When the eBay team discovered this problem, they directly chose to increase the weight of product similarity, instead of further studying and fine-tuning the weights of different factors in the model. They mistakenly believe that simply adjusting for similarity will make the recommended product more relevant and more likely to cause consumers to buy it.
They even deliberately excluded the influence of popularity and fine-tuned a new model to filter the results of the old model. The new modality removes all sort functions related to popularity, and adds an objective function with a probability of purchase, giving higher weight to products with high similarity scores. However, after applying the new model, the recommendation results did not increase the purchase rate of customers as expected, and only some products were valid.
This result reflects that there are other influencing factors that need to be considered, but when the eBay team found that the recommendation mechanism was wrong, they were accustomed to treating product similarity as a panacea, and they thought about the solution from this perspective first.
eBay's approach to improving the recommendation mechanism is not an experiment with "which recommendation element is wrong", but only focuses on "how to strengthen the similarity weight and how much". This over-emphasis on product similarity limits the thinking space of their engineering team.
Over the years, eBay has continued to improve its recommendation mechanism, and it has indeed effectively improved its similarity-based recommendation method. However, Nitzan Mekel-Bobr** admits that it is not necessary to modernize the old practices to break the bottleneck faced by the eBay recommendation mechanism. Even if the similarity recommendation is done to the extreme, the recommendation scenarios that this thinking could not handle in the first place still cannot be handled.
He believes that for the eBay mechanism to make a breakthrough, it must fundamentally change its thinking.

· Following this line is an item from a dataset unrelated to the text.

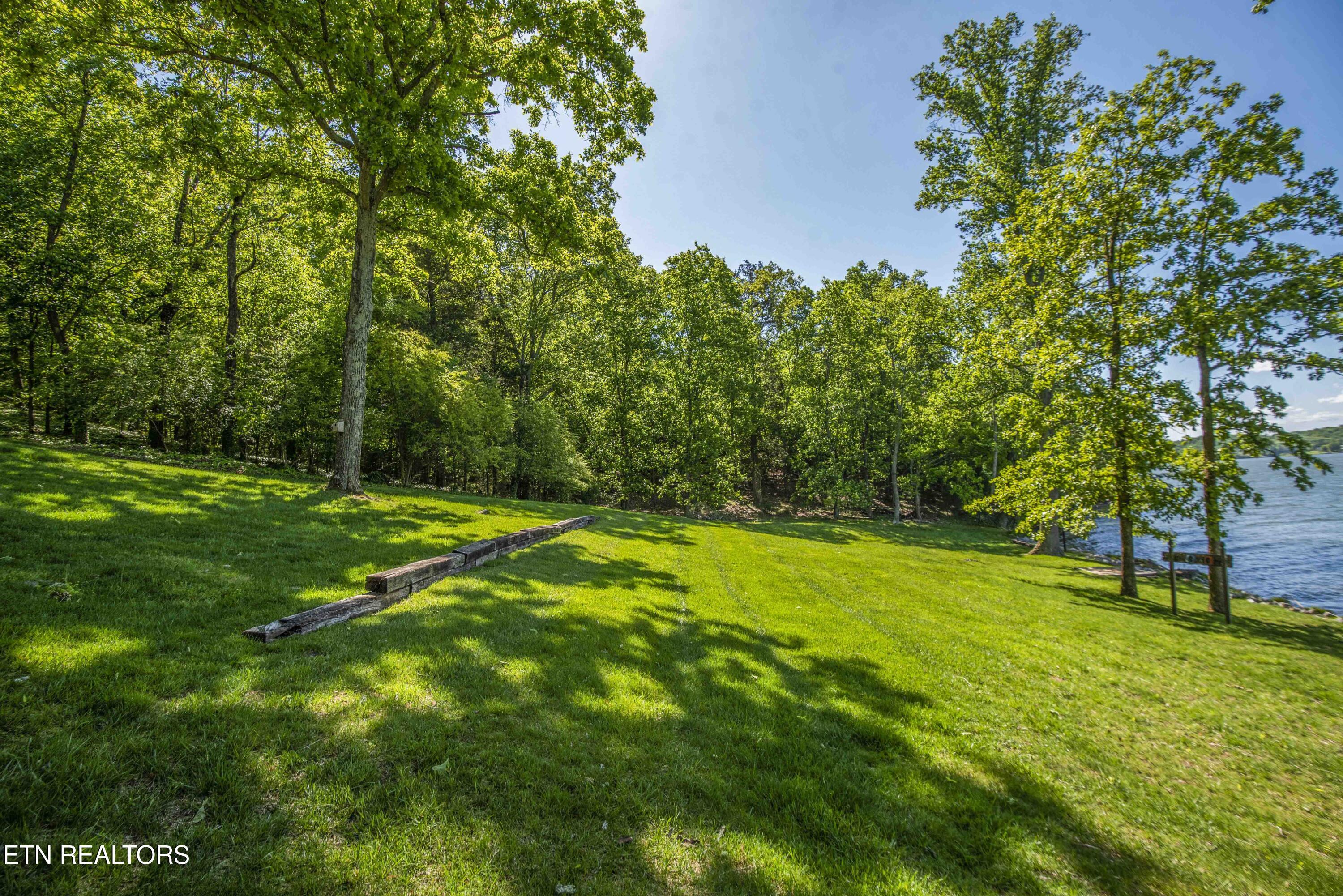 902 Twin Coves Circle, Lenoir City, TN - Fort Loudoun and Tellico Lake Real Estate - Image# 11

First of all, when defining product relevance, it is necessary to go beyond the 25-year obsession with similarity and consider more factors.
Not only that, but they also have to think outside the platform, otherwise, when the products that customers are interested in are not regarded as the same category by the platform, even if the relevance is obvious to the general public, the product similarity recommendation system will still not be able to recommend. The new thinking should be changed from the customer's point of view, trying to understand how customers perceive their products, and adjusting product categories and solutions according to each customer's interests, so as to achieve super personalized product recommendations.